The data below should be transcribed in full, with no picture included.

#### [Given data]
>>>
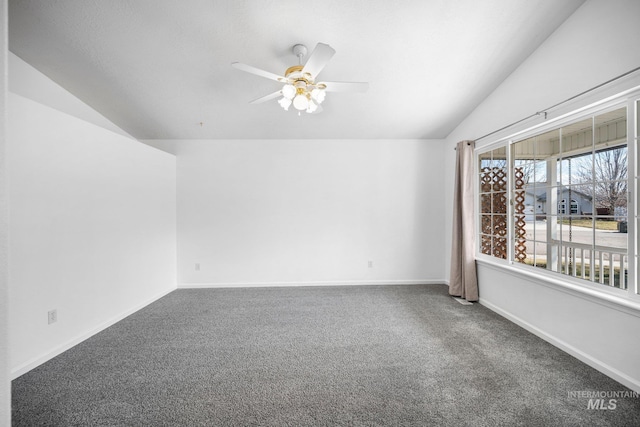 carpeted empty room featuring lofted ceiling, ceiling fan, and baseboards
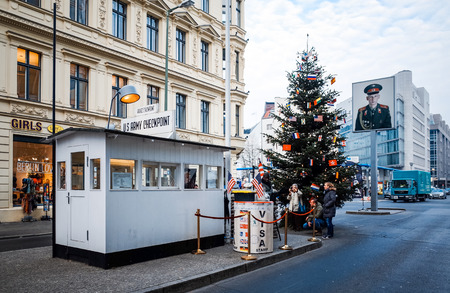BERLIN, GERMANY- 14 December: Checkpoint Charlie. Former bordercross in Berlin on 14 December, 2014. Berlin Wall crossing point between East and West Berlin during the Cold War. BERLIN, GERMANYのeditorial素材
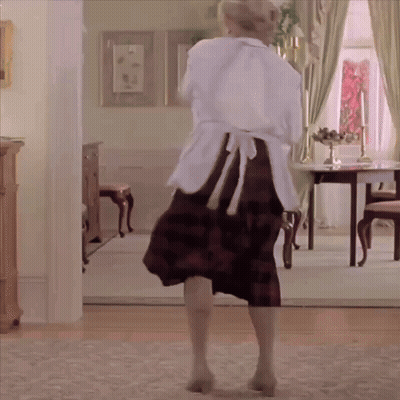 A Woman In An Apron Is Dancing In A Room GIF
<<<
#### [Task output]
 carpeted empty room featuring lofted ceiling, ceiling fan, and baseboards
BERLIN, GERMANY- 14 December: Checkpoint Charlie. Former bordercross in Berlin on 14 December, 2014. Berlin Wall crossing point between East and West Berlin during the Cold War. BERLIN, GERMANYのeditorial素材
 A Woman In An Apron Is Dancing In A Room GIF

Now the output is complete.